In 1906 Miss Aitken was appointed Matron. She trained at the Western Infirmary, was previously a sister as Wolverhampton Fever Hospital and superintendent of the Bradford Nurses’ Institution. She was the daughter of Dr J Aitken from Govan.

In 1915 Miss A.D. Lindsay was recommended by the Health Committee of the Glasgow Parish Council to succeed the late Miss Aitken as Matron. She remained Matron for 17 years, retiring in 1932. Lindsay undertook her fever training certificate at Belvidere and her general training at the Western Infirmary, Glasgow. She was assistant matron at Belvidere, matron at Knightswood Hospital, Glasgow before returning to Belvidere when appointed matron.
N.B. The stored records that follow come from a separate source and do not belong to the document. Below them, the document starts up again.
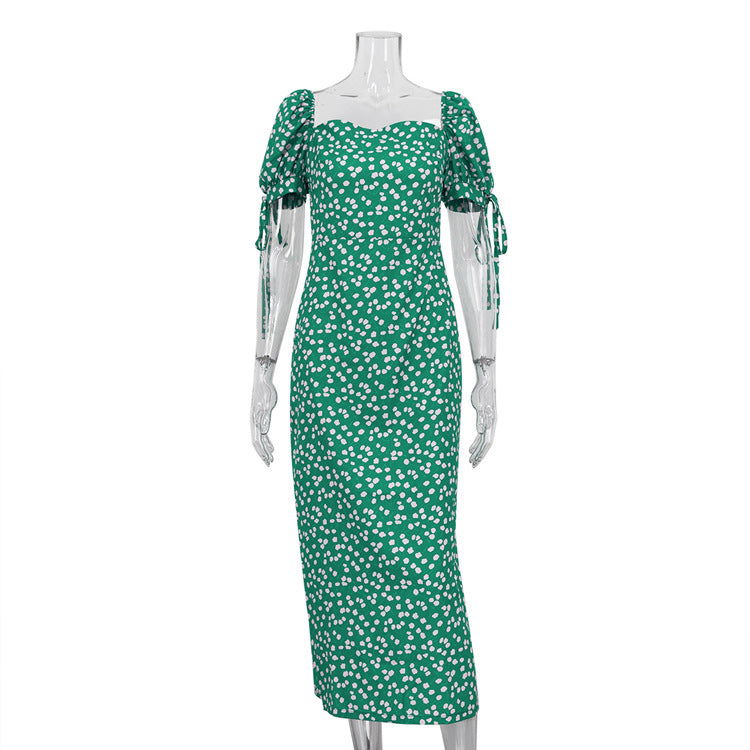 French Holiday Dress Floral Puff Sleeve off Neck Slim Fit Long Dress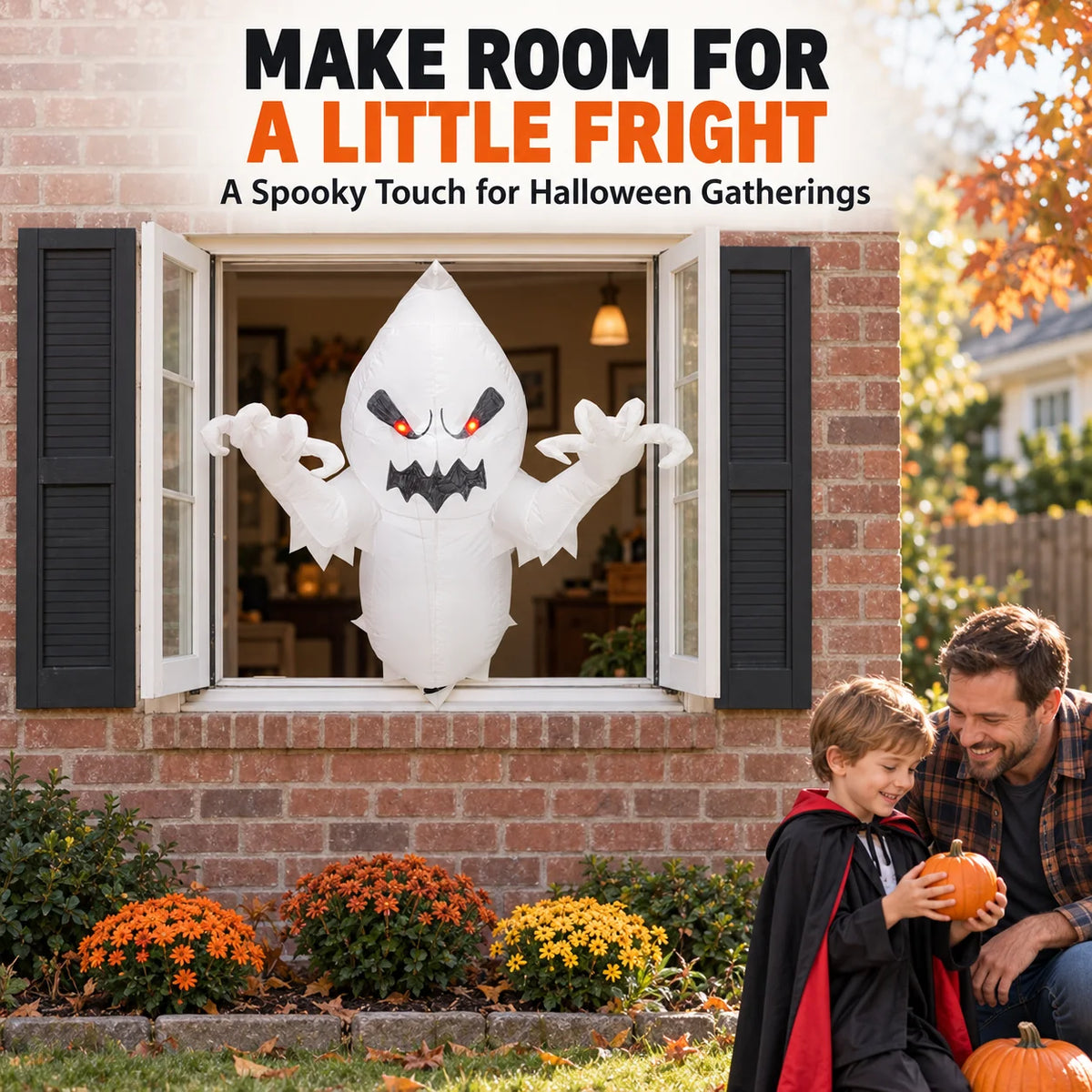 Halloween Inflatable Ghost Decoration 3.3FT Blow Up Ghost Broke Out From Window Spooky Airblown Prop with Built-in LED Lights for Indoor Outdoor Yard Garden Lawn Party Haunted House Decor Inflatable Toys for Kids USA Stock Fa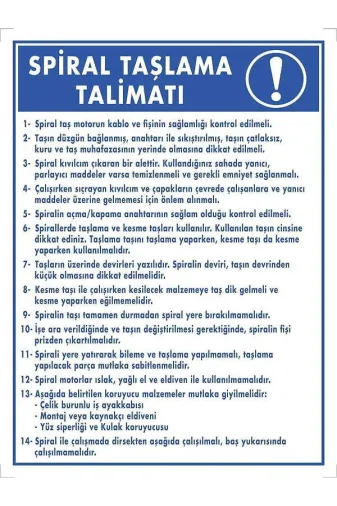 Emek İkaz Levhaları EMEK2041 Spiral Taşlama Talimatı Uyarı/ikaz Levhası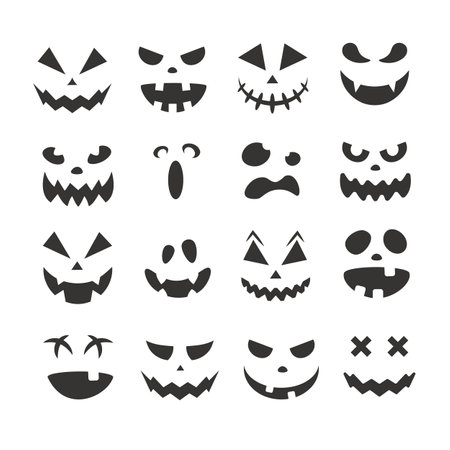 Scary and funny Halloween pumpkin faces and grimaces. ghost silhouette. Vector illustration isolated.のイラスト素材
In 1932 Miss Jane Cairns Campbell, SRN, became matron of Belvidere. Campbell trained at Knightswood Fever Hospital and the Glasgow Royal Infirmary. She was a first assistant matron at Belvidere and matron at Shieldhall hospital, Glasgow. She was a member of the College of Nursing. Campbell was matron for 14 years and died in 1946.

In 1946 Miss MF Greig RGN, RFN, was appointed matron at Belvidere. She trained at Manchester Royal Infirmary. She worked as a sister, junior assistant matron, and senior assistant matron at Ruchill Hospital, Glasgow.

== Fever nursing ==
In 1912 a training and certification scheme for fever nurses was introduced. This included training in anatomy and physiology, hygiene and dietetics, medical and surgical and fever nursing for probationers for five hours of per week for seven months. The Local Government Board conducted examinations and issued certificates.

Between 1894 and 1909 29 nursing staff died with 17 of them being due to enteric fever. The death of a probationer nurse, Elizabeth Tippetts Forbes, was noted in 1923. She was 23 years old and died after three days illness. She was from Thurso, Caithness.

After the outbreak of plague in 1900 all nurses who worked at Belvidere received a gold medal.